I've recently ported an old project and made it object-oriented. However, I've noticed that rubocop points out the following status: Assignment Branch Condition size for fetch_images is too high. [22.41/15]. Can I make this method be made more efficient, perhaps?

Snippit

class WebCrawler 
 attr_reader :agent, :tumblr, :images 
 def initialize 
 @agent = Mechanize.new 
 @agent.user_agent_alias = Mechanize::AGENT_ALIASES.keys 
 .reject { |agent| agent == 'Mechanize' }.sample 
 @tumblr = URI('http://www.tumblr.com') 
 @images = [] 
 end 
 def fetch_images(blog, proxy) 
 fail Exceptions::InvalidBlog unless valid_blog?(blog) 
 fail Exceptions::InvalidProxy unless valid_ip?(proxy) 
 tokens = proxy.split(':') 
 proxy_addr = { ip: tokens[0], port: tokens[1].to_i } 
 @agent.set_proxy(proxy_addr[:ip], proxy_addr[:port]) 
 @tumblr.host.gsub!(/^w{3}/, '').insert(0, "#{blog}") 
 page = @agent.get(@tumblr) 
 page.search('img[src$="jpg"], img[src$="png"]').each do |img| 
 @images << img['src'] 
 end 
 @images.keep_if do |img| 
 img =~ %r{^https?://\d+|media} && img !~ /avatar/ 
 end 
 end
end

Question 2

In case you didn't know, there's a Ruby wrapper for the tumblr API here: github.com/tumblr/tumblr_client

Question 3

I didn't know that, but for what I'm doing I don't think I need a wrapper. It's much more fun to write it on my own. @raptortech97

Question 4

Assignment Branch Condition size for fetch_images is too high. [22.41/15]

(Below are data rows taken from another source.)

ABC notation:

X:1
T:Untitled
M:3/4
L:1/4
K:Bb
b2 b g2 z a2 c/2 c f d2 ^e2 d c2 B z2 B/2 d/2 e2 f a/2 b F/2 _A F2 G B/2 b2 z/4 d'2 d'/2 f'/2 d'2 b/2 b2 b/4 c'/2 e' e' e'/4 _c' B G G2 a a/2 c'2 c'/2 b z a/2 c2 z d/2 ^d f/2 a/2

What that warning is saying is that, according to rubocop's standard, you have too many assignments, branches, and conditionals (ABCs) in that method. ABCs are associated with code that is complex and harder to reason about. It can also indicate that a method is trying to do too much, as I would say it is telling you about this method.

Looking over the method in question, we can clearly see it has several responsibilities:

Guard clauses for validity
Tokenizing a proxy string into a hash data structure
Setting a proxy with the data from that data structure
Tearing apart and rebuilding a URL
Fetching a page over HTTP
Parsing markup for image tags, and shoving them on an array
Filtering that array of images
Returning that array

That's a lot of responsibilities for one method. It's dealing with several different types of objects/behaviors at several different levels of abstraction. We can, and should, break it up to make it easier to manage.

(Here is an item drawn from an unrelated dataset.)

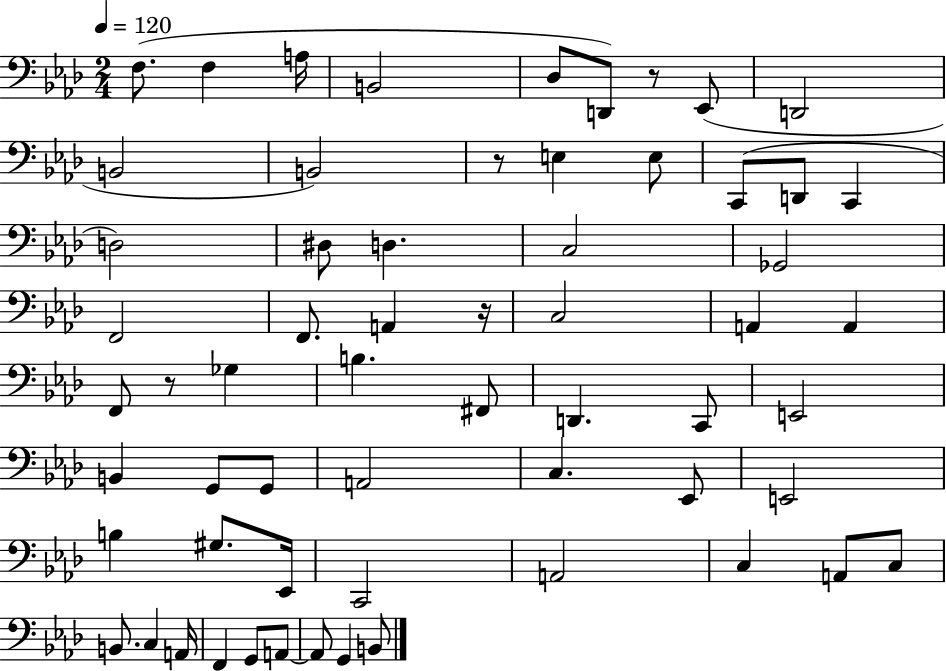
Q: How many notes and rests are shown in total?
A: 61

Before I do that, I'm going to look at the rest of the class (the initialize method). In the initializer, I see a lot of state assignment, and I see some work beyond just state assignment.

@agent = Mechanize.new

Here you are getting a new instance of Mechanize, but you are doing it directly in the constructor. I would recommend injecting this as a parameter instead. You could even use a default parameter to give you flexibility:

def initialize(agent = Mechanize.new)
 @agent = agent
 ...

This gives you the ability to change this dependency at runtime, and to mock or stub this dependency in your tests.

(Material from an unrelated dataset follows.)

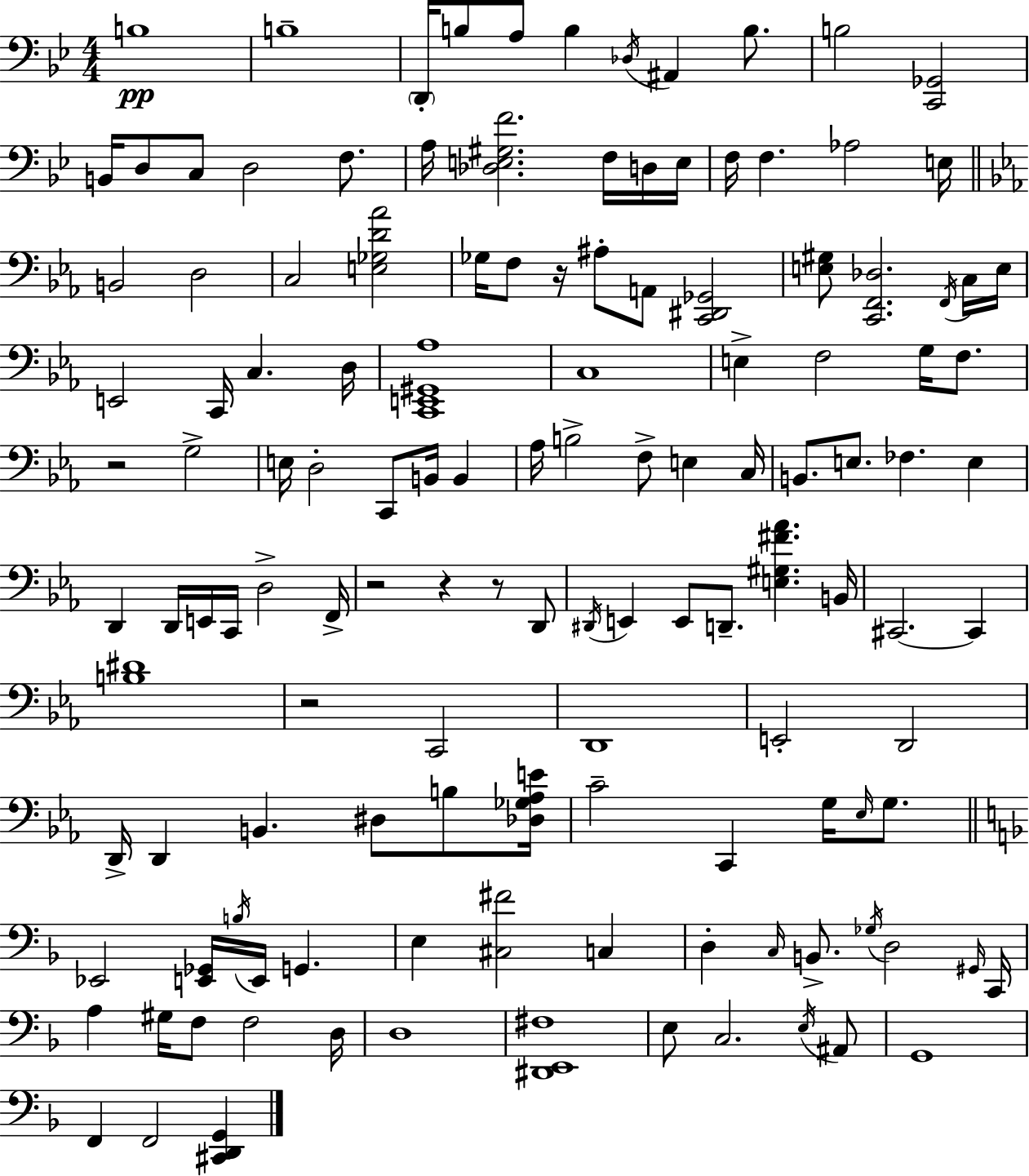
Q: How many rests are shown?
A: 6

@agent.user_agent_alias = Mechanize::AGENT_ALIASES.keys 
 .reject { |agent| agent == 'Mechanize' }.sample

Here is some more of the extra work being done in the initialize method. Ideally, you should get a fully initialized object injected, and you should not need to to any extra configuration with it. In this case, you might want to create a MechanizeFactory class to encapsulate the construction and initialization of Mechanize objects so you don't have to worry about any of this in your constructor:

class MechanizeFactory
 def self.get
 mechanize = Mechanize.new
 mechanize.user_agent_alias = Mechanize::AGENT_ALIASES.keys 
 .reject { |agent| agent == 'Mechanize' }.sample
 mechanize
 end
end
...
class WebCrawler
 def initialize(agent = MechanizeFactory.get)
 @agent = agent
 ...

@tumblr = URI('http://www.tumblr.com')

Here you are setting the URL to the Tumblr main site as an instance variable. The way you use it does not really make it appropriate to be an instance variable. I will discuss why and alternatives further down, but for now I am going to say that this line is unnecessary.

@images = []

You are creating an instance variable to hold the list of returned images. I don't see any reason that this object needs to hold this state; the list of images can simply be returned from the fetch_images method. This line is also unnecessary.

Now onto the fetch_images method.

fail Exceptions::InvalidBlog unless valid_blog?(blog)
fail Exceptions::InvalidProxy unless valid_ip?(proxy)

Here are your guard clauses. For now, I'm going to just leave them as they are.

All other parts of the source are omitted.